Jesus disse “eu sou caminho verdade e a vida, quem vai por mim vai bem”, e eu queria que pudéssemos, aprofundando aquilo que somos, descobrindo mais profundamente dinamismo que nos podem relançar ou lançar para o futuro e depois abrir caminhos de felicidade para as pessoas.
Que as pessoas sejam felizes com Deus e a Igreja possa ser um instrumento a que nós nos comprometemos, o bispo como pastor e a Igreja toda com o bispo nesta comunhão procurando servir amando.
Celebrar 500 anos também é olhar o futuro. Quais são os grandes desafios para esta Igreja madeirense?

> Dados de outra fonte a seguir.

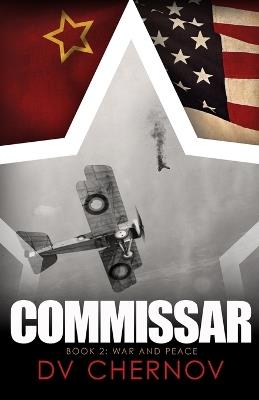 Commissar: War and Peace - D V Chernov - cover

D. António Carrilho – Em termos de princípios, repito aqueles que nortearam à chegada. Quero contar com as pessoas e digo às pessoas que contem comigo e esta ideia de corpo e comunhão é fundamental como motor de qualquer ação pastoral. O da autonomia e da cooperação também é fundamental. Depois, a corresponsabilidade e participação, o bispo não é tudo, nem as suas instâncias, nem os seus órgãos são absolutos. Nesse sentido, queremos pensar naquilo que podemos pensar juntos, delinear juntos as respostas que têm de ser dadas e assumirmos conjuntamente, cada um com a sua parte, por isso é participação.
A continuidade e a criatividade pastoral são fundamentais. Eu não posso criar descontinuidade, eu tenho de saber de onde venho, o que tenho e para onde devo partir mas não posso parar diante de um passado ou de um presente, eu tenho de abrir os olhos e responder aquilo que são as novas questões, as exigências de um futuro. Nesse sentido, considero que dentro desta base não tínhamos mais a fazer do que procurarmos generosamente discernir a realidade, para podermos prosseguir segundo as nossas responsabilidades.
A entrevista, publicada no Semanário ECCLESIA, resulta de uma colaboração entre o Centro de Literaturas e Culturas Lusófonas e Europeias da Faculdade de Letras da Universidade de Lisboa (CLEPUL) e a ECCLESIA, que incluiu a produção de uma série de documentários televisivos sobre os 500 anos da Diocese do Funchal.